NEWS
What Happened Last Week
February’s unemployment rate ticked up to 4.1% from 4.0% the previous month.
More recently, the number of Americans filing for unemployment fell to 220,000, beating expectations.
Employers added 151,000 jobs in February.
Consumer spending, measured by core retail sales, fell month-over-month by -0.22% in February. This marks the second month in a row of reduced spending after January’s drop of -1.27%.
Inflation, measured by the Consumer Price Index (CPI), rose only 0.2% in February instead of the 0.3% expected rate. This annualized 2.43% rate is encouragingly approaching the Fed’s average 2% target.
While American household debt levels, as well as delinquency levels, have increased in recent months, debt service only came to about 11% of total disposable income near the end of 2024.
The Euro Zone, along with the UK, have not experienced the magnitude of downward movement that the US has these past few weeks. The MSCI EMU Index (Euro Zone) and the FTSE 100 (UK) are above even their 50-day moving averages.
How I See It
Fundamentals often change gradually. Sentiment changes on a daily basis.
Currently, we’re seeing fundamentals that continue to report healthy levels.
- The US remains at full employment (unemployment of less than 5%).
- Inflation has shown recent progress.
- Money supply growth is unlikely to spur materially high inflation going forward.
- Household debt still remains well within the range of sustainability for the average consumer.
- Europe doesn’t appear to be pricing in a strong likelihood of a US recession.
These aren’t typically signs of an impending recession.
What could change things? Frankly, the sudden and heightened expectation of a recession.
If consumers really cut back on their spending, companies froze hiring, and bank loan growth rapidly declined, then this would be a very different story.

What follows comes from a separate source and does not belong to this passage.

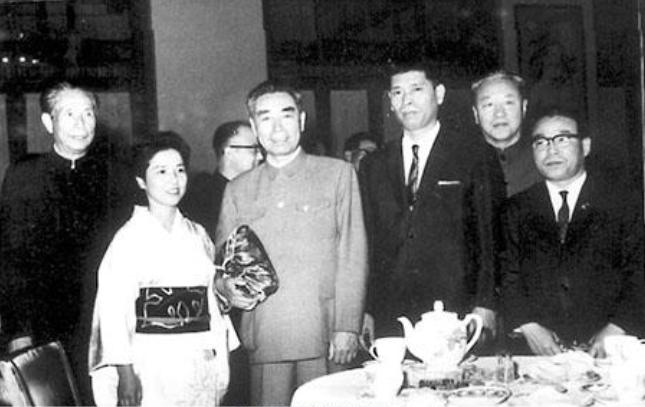 1972年7月，周总理问日本访华团长：你看中国排球何时能赶上日本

Fundamentals can actually be changed due to rapid, large and prolonged negative swings in investor sentiment, which changes habitual behavior.
Everyone’s talking about tariffs right now. But tariffs are among the least likely things, in my opinion, that would send the US into a recession at this point.
My main concern is the “this time it’s different” mentality of a high stock market that’s excused by the optimism of AI’s ability to boost growth through unprecedented levels of productivity.
The market really needs to take a breather, and that’s what it’s been doing so far in 2025.
A bear market is possible, of course, and more likely to begin during the first half of a US President’s term than the second half due to the uncertainty it often creates.
But in my opinion, recent market movement has all the hallmarks of a classic correction, which is much milder in magnitude and shorter in duration than a full-on bear market.
In the next few months, I suspect growth stock will outperform value as markets find their footing. But for long-term investors, a fairly equal split between growth and value in the middle of a bull market is an effective way to diversify away unnecessary risk.